Data in a down market
Howe Ng, Head of Data & Analytics for Forge Global, discusses how private market investors view price dispersion or the bid/ask spread in both an up-market and a down-market.
Transcript
So, VC deals and IPO events or exit events are actually very important indicators in terms of how someone discovers what the right pricing is when it comes to the private market. There is a lot more flow, a lot more deals getting done. It's a lot easier for an investor or market participant to observe where the pricing levels are.
So, when deals are drying up, fundamentally there is just a lack of data in the private market for you to do all sorts of things - from investment evaluation to coming up with the right price for the deal.
Data is important in both up and down market. But in the case of an upmarket, everything is moving to the right and up. So, a lot of times people are basically chasing ever-growing bubbles in the up market.
There is very little dispersion in prices because everything is just being sort of driven up, which is what we saw in the last couple of years. In a down market, when the prices are falling, there's usually more dispersion in terms of where things are being traded. Companies are no longer just trading at the same price in the same direction. When that happens, the availability of data is instrumental for an investor to be able to pick out the right companies and the right entry and exit points.

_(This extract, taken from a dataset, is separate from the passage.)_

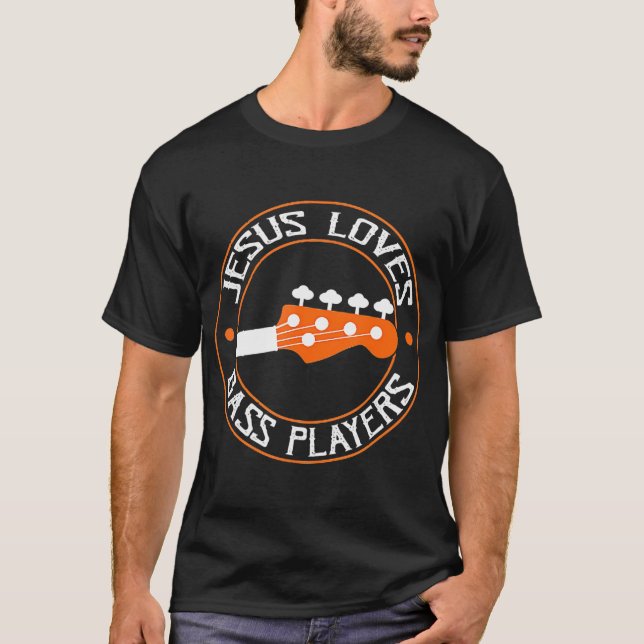 Jesus Loves Bass Players Retro Vintage T-Shirt (Front)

In the private market, there are a couple of things that we like to look. One is trade prices, the other one is bid prices. When you look at trade prices, you're assessing prices people actually paid for, past tense for a piece of security. When you look at bid prices, you are looking at the same security but what people are willing to pay for. So, one is a backward-looking metric, the other one is more of a forward-looking metric.

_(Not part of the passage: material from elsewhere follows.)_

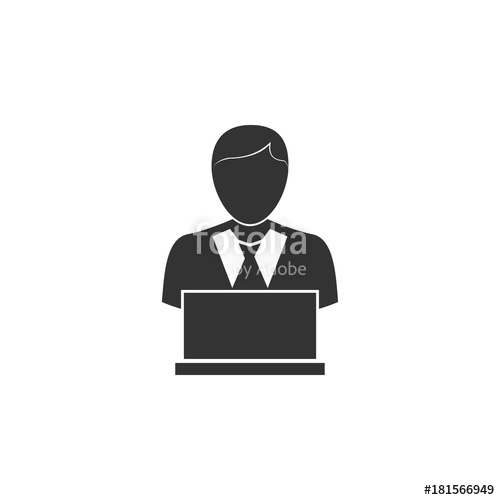 500x500 People With Computer, Person With Laptop Icon Business, Human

So, if you look back at a set of prices; let's say people were willing to pay for a piece of securities was $100 forty-five days ago - those are trade prices. And when you look at bid prices for the same set of securities, if now the price is at $50, you can actually think that the market is no longer willing to overpay $50 for the same set of securities as forty-five days ago. So those are the two things that we actually look at.
It gives you a sentiment from an investor perspective, what people are willing to pay for before and what people are willing to pay for going forward. It's all about price discovery. To the extent that these two sets of prices actually converge, that means you probably find equilibrium in terms of this is actually the right price for this security at this moment.